Он никогда не узнает. Он знал, что никогда не узнает, и как бы это его ни огорчало, он обнаружил, что может принять это. Потому что он действительно знал вот что: его брат нашел выход. Не тот, который позволил ему выжить, а побег из ловушки, которая захлопнулась над Заком. Из ловушки быть частью зверя. Побег, теперь он знал - зная Джека таким, каким он был, видя ясными глазами, - в котором Джек нанес ответный удар по этому ужасу. Он учел свою смерть... потому что его брат не умер бы по-другому.
Яростная гордость и удовлетворение вспыхнули в нем при этой мысли, и все же он никак не мог подражать Джеку. Не на Дарии Гамма. Смерть? Да, это он мог бы найти. Но искупление, шанс на самом деле чего-то добиться - это был совершенно другой вызов.

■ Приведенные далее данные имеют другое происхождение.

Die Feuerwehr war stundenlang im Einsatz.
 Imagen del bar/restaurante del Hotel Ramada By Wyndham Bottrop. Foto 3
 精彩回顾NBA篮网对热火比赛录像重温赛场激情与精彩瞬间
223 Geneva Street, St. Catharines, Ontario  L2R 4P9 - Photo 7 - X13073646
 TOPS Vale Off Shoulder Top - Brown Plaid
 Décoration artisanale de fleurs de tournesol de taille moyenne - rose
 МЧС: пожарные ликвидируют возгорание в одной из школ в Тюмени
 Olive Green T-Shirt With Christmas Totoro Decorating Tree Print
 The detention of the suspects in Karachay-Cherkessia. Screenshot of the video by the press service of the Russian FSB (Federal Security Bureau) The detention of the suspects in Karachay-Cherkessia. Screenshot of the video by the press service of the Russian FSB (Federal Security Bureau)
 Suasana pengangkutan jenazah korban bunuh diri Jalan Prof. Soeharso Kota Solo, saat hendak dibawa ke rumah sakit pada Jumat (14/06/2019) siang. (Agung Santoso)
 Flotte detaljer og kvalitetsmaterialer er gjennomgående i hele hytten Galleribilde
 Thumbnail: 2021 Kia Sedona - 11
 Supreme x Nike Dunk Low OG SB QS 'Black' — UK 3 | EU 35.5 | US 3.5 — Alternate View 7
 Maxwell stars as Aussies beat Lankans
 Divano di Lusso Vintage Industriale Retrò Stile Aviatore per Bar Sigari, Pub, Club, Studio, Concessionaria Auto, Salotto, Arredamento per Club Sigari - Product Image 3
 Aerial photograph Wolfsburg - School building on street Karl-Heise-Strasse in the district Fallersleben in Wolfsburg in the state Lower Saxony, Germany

Он постоял, глядя на город еще мгновение, затем отвернулся от вида и вернулся к своему столу. Предстояла еще работа, и у него по-прежнему не было ответов.
И теперь ему также нужно было думать о Гейл.
На настольном компьютере Гейл мигнул индикатор сообщения, когда она добралась до своего офиса. Она поморщилась и нажала клавишу подтверждения.
– Соланж хочет вас видеть, - произнес сгенерированный компьютером голос.
– Она ждет вас в своем кабинете.
Вот и все. Никаких объяснений почему, и спросить было не у кого, поэтому Гейл просто пожала плечами, вышла за дверь и направилась по длинному коридору в кабинет своей начальницы.
Дверь была открыта, когда она добралась туда, и она вошла в нее без стука. Они с Соланж довольно хорошо ладили.